- Directed by: Steve Cheng
- Produced by: Li Nanxing
- Starring: Liu Kai Chi Li Nanxing Chiang Tsu-ping Ian Fang Kimberly Chia Edwin Goh Xavier Ong
- Music by: Alex Oh
- Production companies: Cornerstone Pictures Mm2 Entertainment Clover Films
- Distributed by: Golden Village Pictures
- Release date: August 30, 2012 (Singapore); (NC16 version)
- Running time: 96 min
- Country: Singapore
- Languages: Mandarin Chinese, dialects

= Imperfect (2012 film) =

Imperfect is a 2012 Singapore action film, directed by Steve Cheng, produced by Li Nanxing and starring Liu Kai Chi, Li and Chiang Tsu-ping. It was officially released in cinemas on 30 August 2012, in Singapore.

==Plot==
After getting into a teen brawl to protect his friend, Zach, one night while watching a Getai performance, Jianhao gets sent to a Boys' Home for six months. He decides to start afresh, working hard to retake his O-levels with the help of his girlfriend Shan Shan. His mother, Huifang, arranges for him to help out in her stall at Bugis Street. However, due to his loyalty to his "brother" Zach, he follows him to join a triad gang, Yi Ren Tang, led by Zhihua to get protection against a rival gang, Gang 660, which was run by their enemy, Alex's father, Guodong.

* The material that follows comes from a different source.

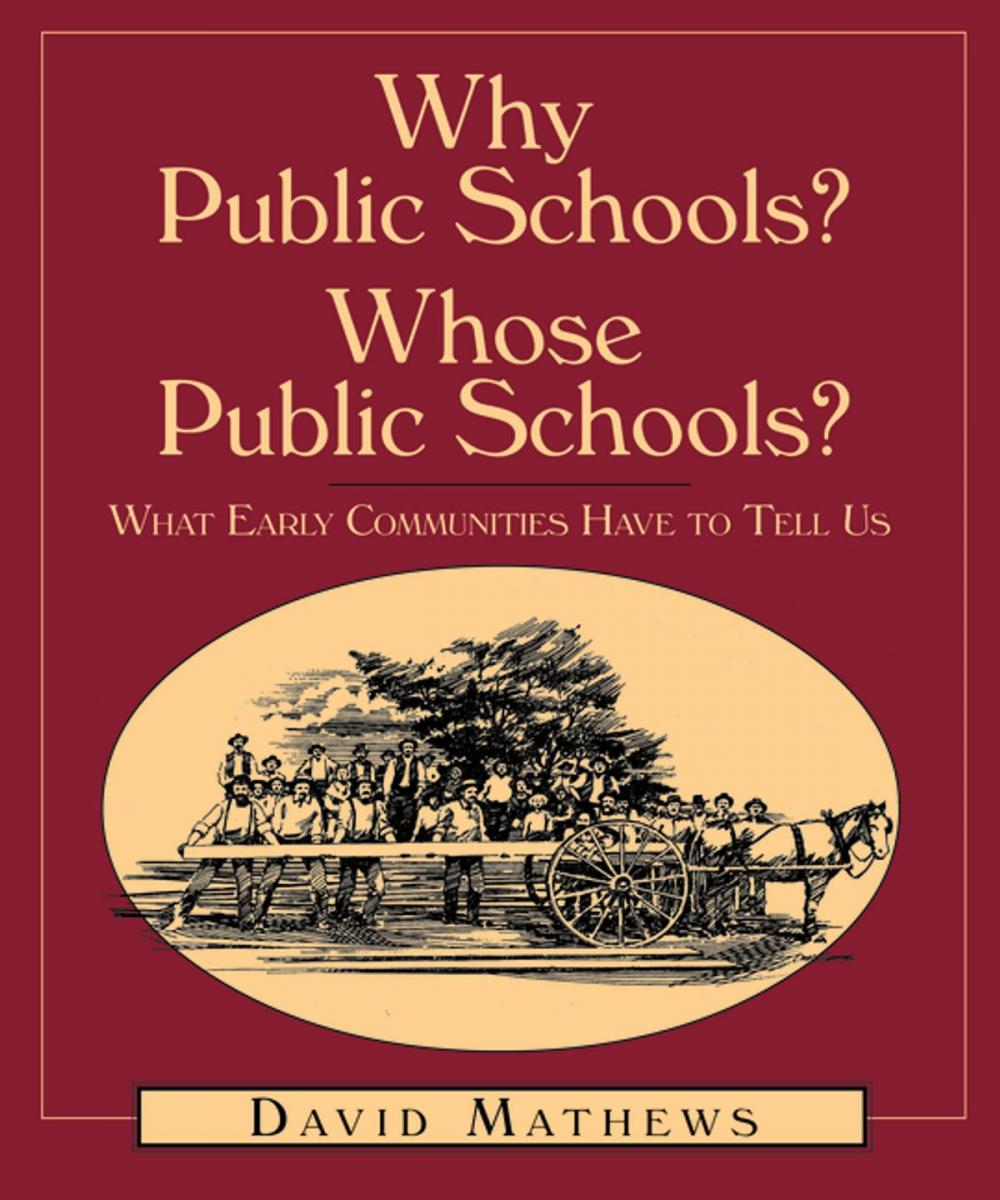 Big bigCover of Why Public Schools? Whose Public Schools?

One day, during a fight between Gang 660 and Zach, Square and Jianhao, Zach uses a brick to hit Alex's head. As a result, Alex ends up in a vegetative state, and dies soon after. Guodong promises to take revenge for his son. The boys become fugitives overnight, running away from Guodong and the police. Huifang seeks Zhihua's help, revealing that Jianhao is actually his biological son which she refused to abort 17 years ago. Huifang begs Zhihua to save Jianhao. Zhihua agrees, and manages to find Jianhao. He wants to send him overseas to escape. However, before Jianhao sets off, Guodong and his gang finds both Jianhao and Zhihua, entering into yet another bloody fight. This time, Zhihua gets stabbed to death by Guodong. The police arrive in time just before Guodong is about to hit Zach with a metal pipe. Guodong, Zach and Jianhao get arrested and sent to jail. Jianhao is released before Zach, and decides to turn over a new leaf, with the encouragement of his mother, sister Xin Xin and Shan Shan.

==Cast==

- Edwin Goh as the main protagonist, He Jianhao, a teenager determined to make good from his past mistakes after serving his term at the Boys' Home, but succumbs to joining a triad gang because of peer pressure.
- Ian Fang as Zach, Jianhao's close friend.
- Kimberly Chia as Shan Shan, Jianhao's soon-to-be girlfriend.
- Elizabeth Lee as Izzy, Zach's girlfriend (they broke up in the end).
- Phua Yida as Square, Jian Hao and Zach's close friend.
- Xavier Ong as Alex, the son of Wang Guodong.
- Li Nanxing as Zhihua, the leader of the triad gang Zach joins, died after being killed by Wang Guodong at the last fight.
- Liu Kai Chi as Wang Guodong, the leader of a rival gang.
- Chiang Tsu-ping as Jian Hao's single mother, He Huifang.